QUELLO SCARAFAGGIO SI CHIAMA GREGORIO di Valter Di Giacinto

Ieri ho provato a dare una definizione dell’essenza del fiume. Ma se, come abbiamo visto, hanno un’essenza le cose inanimate, a maggior ragione ne dovranno avere una gli esseri viventi.

Tra le varie letture possibili, il surreale esperimento concettuale che Kafka ci propone nella Metamorfosi può essere, secondo me, visto proprio come una favola allegorica sull’esistenza e sulla natura dell’essenza dell’individuo umano.

Fossile - 2014

Al risveglio da una notte popolata da sogni inquietanti e vagamente premonitori, per un curioso quanto madornale accidente della vita, tutto si presenta infatti cambiato nell’involucro materiale che avvolge Gregor Samsa, mutatosi nel volgere di poche ore nel corpo di un enorme e immondo insetto. Malgrado ciò, Gregor non si sente nel profondo diverso dal se stesso che si era coricato a letto la sera precedente. Si pone gli stessi problemi: gli impegni di lavoro, la famiglia. Prova perfino a escogitare qualche stratagemma pratico per togliersi momentaneamente d’impaccio.

La domanda da porsi di fronte a tale scenario paradossale non è come ciò sia possibile (ogni cosa è plausibile in un racconto fantastico!). Bisognerebbe invece interrogarsi sul perché tale atteggiamento non ci sorprenda.

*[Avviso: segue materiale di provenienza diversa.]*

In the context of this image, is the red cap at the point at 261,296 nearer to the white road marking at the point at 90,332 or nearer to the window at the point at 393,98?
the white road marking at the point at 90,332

Sebbene tutto sia cambiato nel corpo di Gregor, noi non facciamo infatti nessuna fatica a immaginare che, anche in tale abnorme situazione, permanga un sostrato profondo nell’individuo Gregor Samsa che attraversa indenne la terribile nottata. Che l’essenza di un uomo rimanga immobile e imperturbabile rispetto a qualsiasi tipo di evento accidentale egli si trovi a sperimentare nel corso della vita non ci stupisce affatto. O almeno questo è quello che io ho sperimentato leggendo e rileggendo, dopo molti anni, il racconto.

La cosa che ancora oggi mi colpisce e mi sorprende non è quindi il fatto che il protagonista si percepisca in continuità con l’immondo animale che egli era divenuto dal tramonto all’alba. Quello che trovo sbalorditivo è piuttosto l’evidenza che, dopo lo sgomento iniziale, i suoi parenti lo riconoscano come il loro figlio e fratello Gregor e, avendolo riconosciuto, si sforzino (almeno inizialmente) di accettarlo, cercando in qualche modo di convivere con l’orrore che egli provocava allo sguardo.

Ora, che degli individui possano giungere ad un grado di vicinanza tale da conoscersi nella loro essenza immateriale e immutabile, potendosi quindi ri-conoscere sotto qualsiasi camuffamento, rimane per me il più grande mistero.

Qui su Facebook è pieno di amici (a me ne constano 544 ad oggi, ma c’è chi ne ha migliaia). Ma l’unico amico che mai avrete al mondo è quello che vi riconoscerebbe il giorno che vi presentaste da lui nella forma di un ributtante scarafaggio alto un metro e ottanta e incapace di proferire parola.

Commenti

  1. La piena è ormai inondazione, ma non distrugge, aggiunge, costruisce, pulisce; mentre porta via le scorie, lascia sul terreno un humus fertile e produttivo. Giacimenti di sostanze fertilizzanti. Le tracce sono molte e non si sa dove portano. Ma noi abbiamo solo da guadagnare. Seguiamo Wolters nel suo volo alto.